Does the number 0.8373 mean anything to you?
kinda of a shame CDNA wasn't at all mentioned when its much more HPC focused than the Nvidia counterparts
More content to come ! :)
Does MATLAB run on it?
@@TechTechPotato Btw, any plans to talk about SOI?, its been absent of late since GF gave up on 7nm, with all this new quest for high performance i wonder why what seems like a "easy" avenue for a frequency and or efficiency boost isn't being used.
it's*
Ponte Vecchio did 52TFLOPS of FP64 but intel sunset it. Was that more hardware or software that limited its adoption?
A bit of both, but also the theoretical memory bandwidth was almost impossible to achieve. The Chips and Cheese team even worked with Intel for their coverage and struggled to get >50%.
The memory bandwidth is a great point. 47 tiles or soemthing and were seeing memory issues with Foveros with ARL. thank you for the reply. Hopefully it can get remedied for Falcon Shores if that is still an HPC part.
It's more like the design of PVC is just not good. from what we see in Aurora the 52TFLOPS is peak and unsustainable under real life conditions. MI250X on the other hand can do 45 Tflops consistently in Frontier.
'applications run orders of magnitude faster' ... big claims
I wonder if Intel will acquire them only to sell off 5 years later.
L1 size is a huge red flag for me. Money can buy good nodes and a lot of hbm but this l1 amount sounds like bs
Theres 256floating points?
Theoretically you can have any power of two for your size, it just gets really impractical really fast. Pretty much nobody does more than 256 bits.
Another video, another mention of "clients". These are becoming ads more and more, and with the disclosure near the end.
This video isn't an ad. But good try though. I'm an analyst and consultant. All my clients, past and present, are listed in the description. I'm very open about this.
Intel and AMD should be here with products like this... where are they? Smoking blockchains behind the bike sheds again?

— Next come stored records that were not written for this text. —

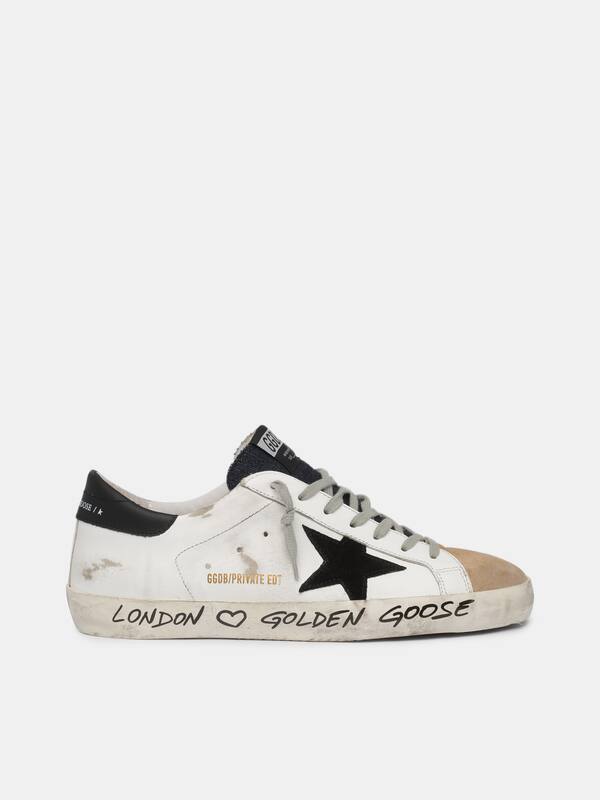 White and beige Super-Star sneakers with handwritten wording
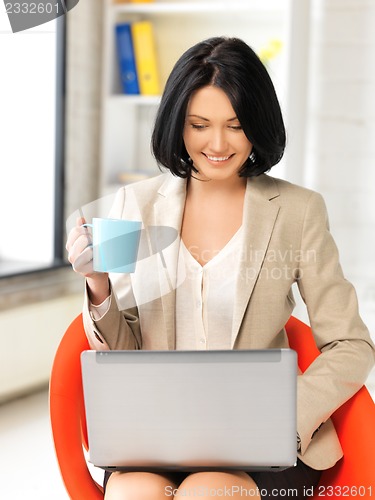 Image of happy woman with laptop computer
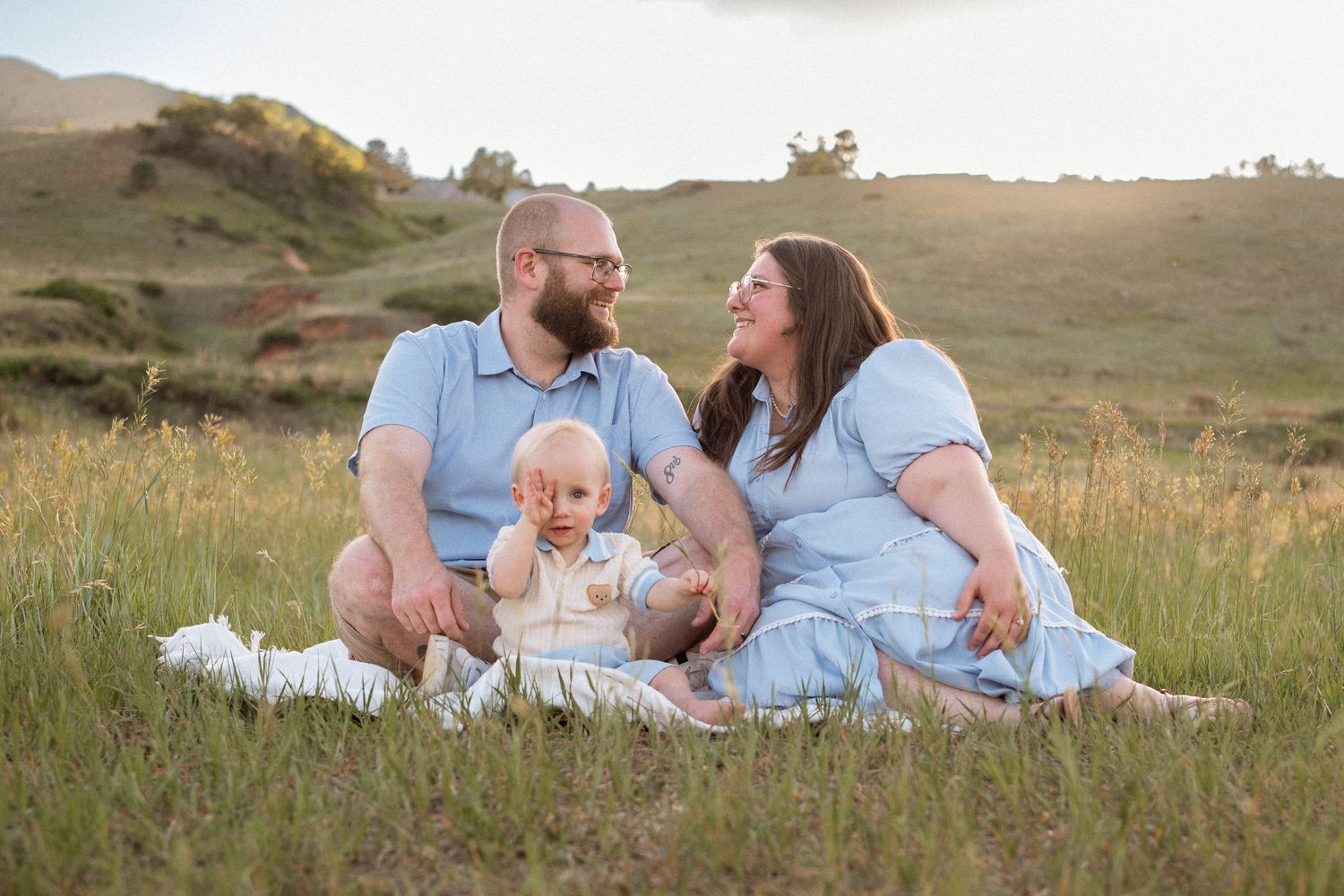 Mother, father, and son sitting in green grass around sunset at South Valley Park in Littleton, Colorado.  Toddler rubbing his eye, tiredly.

Radeon VII still good then?
Efficiency ain't great, and the software stack needs work, but zoom zoom
@TechTechPotato Yea tell me about AMD software/driver stack. I sometimes get AMD driver crashes just from playing RUclips videos on my 7950X3D iGPU. When I actually edit videos it becomes a nightmare.
From my tinkering several years ago, Radeon VII efficiency doubles from reducing core and memory clocks by 25% each.
I thought AMD had good hardware with 64bit FP support
Please stop using twitter.
This smells like vaporware to get investor money. If you have this (which seems more like SW than HW), you are making bank or getting bought by billions and landing at AMD or Intel.
Even compiler auto parallelization (which this seems to be) has not been cracked for 15y+. The best we have is Nvidias threading model and stuff like OpenMP, which when I worked in the field was always loosing to MPI.
That's why it's not that :)
You could have at least attempted to be critical of their claims. This just sounds like an advertisement for venture capitalists.